[Assignment]: Tally the lines of the records that contain the string "Clamp", then give the total and nothing more.

┄┄┄┄┄┄┄┄┄┄

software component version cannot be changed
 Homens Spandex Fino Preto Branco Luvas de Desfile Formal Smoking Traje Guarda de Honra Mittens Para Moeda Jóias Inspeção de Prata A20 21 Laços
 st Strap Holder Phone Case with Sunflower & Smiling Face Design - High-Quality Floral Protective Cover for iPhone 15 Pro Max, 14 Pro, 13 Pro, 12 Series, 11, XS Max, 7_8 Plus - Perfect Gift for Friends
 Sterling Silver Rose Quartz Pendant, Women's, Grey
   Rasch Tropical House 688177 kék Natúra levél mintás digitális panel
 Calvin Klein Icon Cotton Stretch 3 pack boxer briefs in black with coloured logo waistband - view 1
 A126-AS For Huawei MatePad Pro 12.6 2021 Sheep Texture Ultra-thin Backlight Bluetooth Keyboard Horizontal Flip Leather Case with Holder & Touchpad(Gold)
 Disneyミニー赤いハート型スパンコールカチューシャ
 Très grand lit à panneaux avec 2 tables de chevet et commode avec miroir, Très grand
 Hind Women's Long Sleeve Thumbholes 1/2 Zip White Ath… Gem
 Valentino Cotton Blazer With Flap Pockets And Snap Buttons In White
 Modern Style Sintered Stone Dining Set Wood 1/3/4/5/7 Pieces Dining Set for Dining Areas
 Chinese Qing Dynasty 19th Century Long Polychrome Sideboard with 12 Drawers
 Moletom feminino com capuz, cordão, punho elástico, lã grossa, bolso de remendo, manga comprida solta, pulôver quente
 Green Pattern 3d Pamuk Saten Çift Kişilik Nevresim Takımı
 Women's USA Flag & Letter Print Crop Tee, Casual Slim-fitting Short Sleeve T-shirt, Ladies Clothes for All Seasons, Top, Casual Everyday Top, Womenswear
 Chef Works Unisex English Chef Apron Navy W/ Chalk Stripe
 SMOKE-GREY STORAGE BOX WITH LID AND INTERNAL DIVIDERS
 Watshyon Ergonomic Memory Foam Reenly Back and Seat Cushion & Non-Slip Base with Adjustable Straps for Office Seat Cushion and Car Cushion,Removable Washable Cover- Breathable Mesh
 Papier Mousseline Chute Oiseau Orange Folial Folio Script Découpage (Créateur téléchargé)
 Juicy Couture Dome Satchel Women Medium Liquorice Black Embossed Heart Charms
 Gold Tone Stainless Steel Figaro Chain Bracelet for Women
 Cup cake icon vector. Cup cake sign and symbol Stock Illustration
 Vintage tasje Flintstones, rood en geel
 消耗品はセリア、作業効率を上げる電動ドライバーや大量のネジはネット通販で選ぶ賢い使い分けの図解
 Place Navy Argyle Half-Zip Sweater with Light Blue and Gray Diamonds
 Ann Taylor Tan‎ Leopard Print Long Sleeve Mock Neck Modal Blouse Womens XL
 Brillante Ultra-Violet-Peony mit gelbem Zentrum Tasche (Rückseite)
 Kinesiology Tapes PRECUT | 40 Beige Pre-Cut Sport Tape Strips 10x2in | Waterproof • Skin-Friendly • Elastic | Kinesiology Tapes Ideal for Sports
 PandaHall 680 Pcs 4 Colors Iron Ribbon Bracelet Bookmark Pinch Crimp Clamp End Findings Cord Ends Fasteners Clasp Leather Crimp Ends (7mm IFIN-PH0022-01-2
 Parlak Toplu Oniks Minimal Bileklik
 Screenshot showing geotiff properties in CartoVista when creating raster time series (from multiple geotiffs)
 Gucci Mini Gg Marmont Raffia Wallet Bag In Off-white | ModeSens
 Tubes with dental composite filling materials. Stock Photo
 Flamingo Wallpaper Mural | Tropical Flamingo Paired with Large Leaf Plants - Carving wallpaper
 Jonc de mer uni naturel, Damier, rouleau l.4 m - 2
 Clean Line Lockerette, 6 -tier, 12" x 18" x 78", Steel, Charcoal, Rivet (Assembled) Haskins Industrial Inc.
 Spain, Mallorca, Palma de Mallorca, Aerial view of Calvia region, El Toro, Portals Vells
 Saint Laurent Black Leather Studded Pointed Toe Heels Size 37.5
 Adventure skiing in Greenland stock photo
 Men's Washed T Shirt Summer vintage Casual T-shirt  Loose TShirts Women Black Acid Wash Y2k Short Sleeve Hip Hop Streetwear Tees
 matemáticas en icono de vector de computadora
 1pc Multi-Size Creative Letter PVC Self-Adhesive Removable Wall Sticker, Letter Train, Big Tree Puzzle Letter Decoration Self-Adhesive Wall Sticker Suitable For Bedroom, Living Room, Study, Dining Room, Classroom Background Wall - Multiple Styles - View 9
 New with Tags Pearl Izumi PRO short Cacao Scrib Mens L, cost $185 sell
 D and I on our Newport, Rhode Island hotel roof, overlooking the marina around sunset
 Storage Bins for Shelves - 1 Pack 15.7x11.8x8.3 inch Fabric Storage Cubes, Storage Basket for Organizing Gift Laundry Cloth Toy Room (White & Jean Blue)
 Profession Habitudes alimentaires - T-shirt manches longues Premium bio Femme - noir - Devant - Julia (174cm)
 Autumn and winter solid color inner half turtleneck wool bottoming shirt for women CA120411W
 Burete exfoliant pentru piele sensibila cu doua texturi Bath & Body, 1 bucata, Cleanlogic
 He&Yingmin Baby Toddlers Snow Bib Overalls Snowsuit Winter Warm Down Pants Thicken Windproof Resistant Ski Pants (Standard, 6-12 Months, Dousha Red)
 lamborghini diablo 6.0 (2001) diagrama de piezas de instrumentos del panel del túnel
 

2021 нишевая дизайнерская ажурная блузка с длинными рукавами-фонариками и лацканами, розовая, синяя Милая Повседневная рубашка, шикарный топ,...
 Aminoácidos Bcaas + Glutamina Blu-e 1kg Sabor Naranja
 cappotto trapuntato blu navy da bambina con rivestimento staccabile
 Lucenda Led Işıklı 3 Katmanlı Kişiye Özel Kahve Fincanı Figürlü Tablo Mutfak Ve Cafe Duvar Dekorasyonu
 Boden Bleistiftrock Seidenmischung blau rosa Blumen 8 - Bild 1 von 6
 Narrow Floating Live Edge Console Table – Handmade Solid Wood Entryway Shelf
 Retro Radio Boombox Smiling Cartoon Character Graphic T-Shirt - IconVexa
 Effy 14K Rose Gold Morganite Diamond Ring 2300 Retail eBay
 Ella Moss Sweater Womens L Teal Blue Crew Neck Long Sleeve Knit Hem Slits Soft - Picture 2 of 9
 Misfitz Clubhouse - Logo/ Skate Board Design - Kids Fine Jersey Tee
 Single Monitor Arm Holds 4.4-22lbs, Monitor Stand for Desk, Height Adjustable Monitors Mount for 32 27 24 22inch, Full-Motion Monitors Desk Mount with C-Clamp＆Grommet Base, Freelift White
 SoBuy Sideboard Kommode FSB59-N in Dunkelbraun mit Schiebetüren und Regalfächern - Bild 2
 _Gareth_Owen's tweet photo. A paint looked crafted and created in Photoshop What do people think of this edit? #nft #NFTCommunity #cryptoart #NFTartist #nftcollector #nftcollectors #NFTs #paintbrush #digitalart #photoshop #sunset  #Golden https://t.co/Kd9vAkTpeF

┄┄┄┄┄┄┄┄┄┄

[Completed task]: 2